DEMONSTRATION PROTESTING LATEST WAVE OF REPRESSION IN SOUTH AFRICA

by Student Coalition Against Racism, United People's Campaign Against Apartheid and Racism
Philadelphia, Pennsylvania, United States
November 2, 1977
Publisher: Student Coalition Against Racism, United People's Campaign against Apartheid and Racism
1 page
Type: Press Release
Coverage in Africa: South Africa
Coverage outside Africa: United States
Language: English
Press release about a demonstration at Philadelphia City Hall on November 5 protesting the latest wave of repression in South Africa. Speakers will be Godfrey Sithole of the African National Congress (ANC) and Michael Simmons of UPCAAR. The sudden, sweeping crackdown against nonviolent opposition to apartheid and racial oppression has drawn protest from around the world. "Banning" has been the main tool used against white opponents to apartheid, while Blacks have been imprisoned. As the deaths of Steven Biko and at least 20 less publicized political prisoners in the past 18 months indicate, arrest in South Africa can be tantamount to a death sentence. The press release says while the Carter administration has now agreed to an arms embargo -- at this point limited to six months -- it fails to acknowledge the major role played in the continuation of apartheid by over 400 American banks and corporations doing business in South Africa. These investments have enabled the white minority government to remain in power and to finance 25 years of repression against the Black majority.
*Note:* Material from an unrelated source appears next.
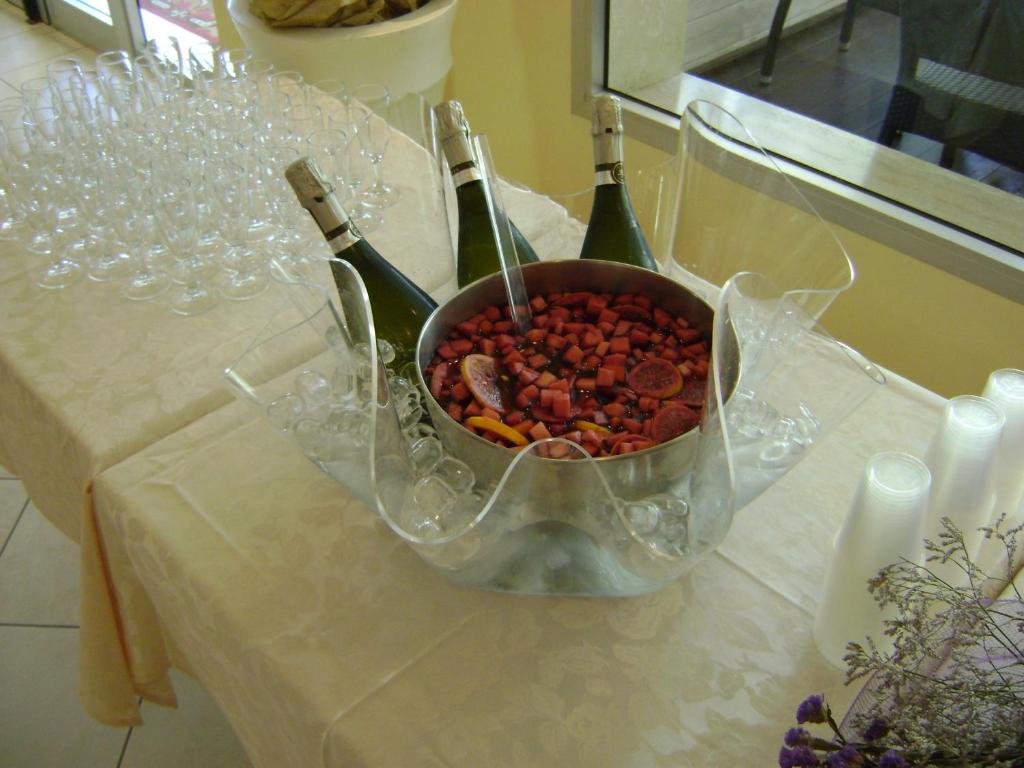Nápoje v ubytování Hotel Antonella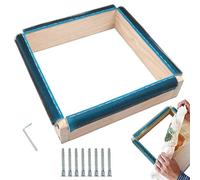cypreason Square Embroidery Hoop | Solid Square Cross Frame with Needle - Punch Needle Frame Sewing Tool Wood with Gripper Strips Outward Facing Steel Needles for Crafts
The press release calls for: denial of tax credits to U.S. companies which invest in South Africa; tax disincentives to reduce U.S. investment there; elimination of Export-Import Bank guarantees for loans to U.S. companies trading and investing in South Africa; immediate placement of economic and diplomatic sanctions on South Africa; and the immediate end of apartheid and institution of majority rule in South Africa.
Used by permission of a former member of United People’s Campaign Against Apartheid and Racism.